Last week we wrote about the case of baby Effie, a baby diagnosed with the rare Ehler’s Danloss Syndrome IV, who had been returned to the care of her parents following a family court hearing. Our blog post is here :

Baby removed from parents over ‘abuse’ is found to have rare bruising condition

In that post we noted that the parents had been remarkably sanguine about the actions of professionals and the removal of their baby into foster care, recognising that those actions had been necessary from a child protection perspective whilst matters were investigated. The judge said that

  1. This was clearly a very difficult episode for all concerned. It is noteworthy that the parents make no criticism of the doctors, social care nor the police for the manner or fact of the investigation. The child’s presentation on admission to hospital required a full and robust investigation but it should never be assumed that the outcome of the investigation is predictable nor that emotional responses of parents under investigation are easily anticipated. Parents respond to intervention and inquiry in very different ways and whilst those responses might inform the manner of an investigation they should not dictate it.

This week news reports have a somewhat different tone :

The Daily Mail run with :

‘Kiss your baby goodbye’: Mother recalls the horrifying moment her daughter was taken away when hospital staff wrongly thought the sick child had been assaulted

with the father quoted as saying “We were treated like monsters” and the report telling us that “the couple…want the court judgement to be made public to stop other parents being falsely accused.”

and The Times with :

Plea to wait before blaming parents over baby injuries

which begins with :

Campaigners are demanding that doctors wait 24 hours before diagnosing shaken baby syndrome to prevent parents being falsely accused of harming their child.

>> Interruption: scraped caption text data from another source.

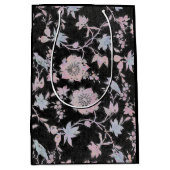 Elegant black, pink and blue, watercolours mittlere geschenktüte (Vorderseite)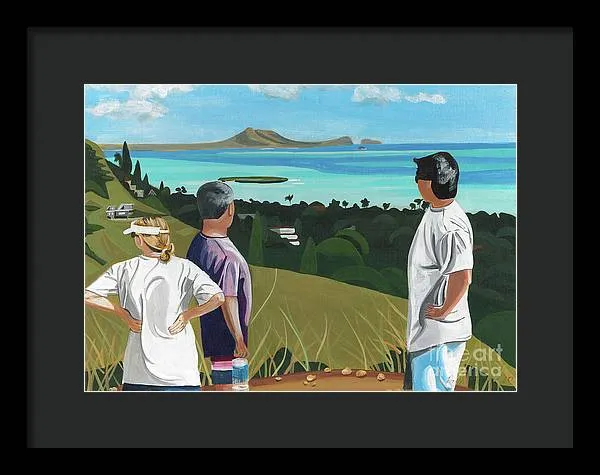 Pillbox Hike - Framed Print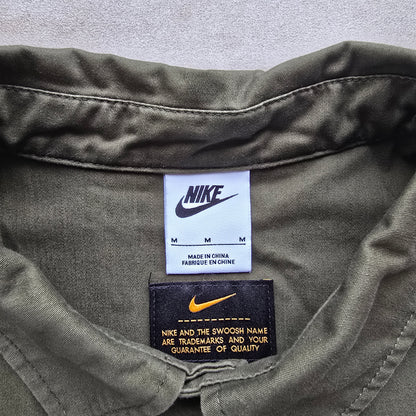 Nike Mini Swoosh Military Short Sleeve Button Up Shirt - M/L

The report goes on to say that “About 250 cases of shaken baby syndrome are brought every year in the UK.”

That report tells us that whilst Effie was in foster care the parents “were allowed to see their daughter only three times a week for an hour and a half each under supervision”. The father is quoted in similar terms to the Mail piece :

“We were treated like monsters, in particular by the hospital staff,” Mr Stillwell said. “There was one point when Effie was having a really bad seizure and they wouldn’t even let us look at her through the glass.”

Contact in cases where a suspected shaking injury is being investigated

The three times a week for 1 ½ hours is pretty typical in this sort of case with a young baby, although it can be more or less depending on the circumstances. See here for a discussion of the issues around the frequency of contact to babies in temporary foster care. In very condensed form, from a high point where it was once suggested for young babies who were waiting for a longer term decision contact at something like 5 times a week might be justified to maintain a bond, it is now more generally acknowledged that travel and change of environment / carer can be detrimental / unsettling for very young children and that therefore contact frequency tends to be less than this, particularly if any real distance is involved that would require a young baby to spend long periods of time in a car seat (particularly a poorly one). However, much will depend on the particular circumstances of the case (health, age, distance, routine). Realistically however decisions about contact frequency are also impacted by resource pressures (room, supervisor, transport all need to be sourced and funded unless perhaps a placement is a family placement).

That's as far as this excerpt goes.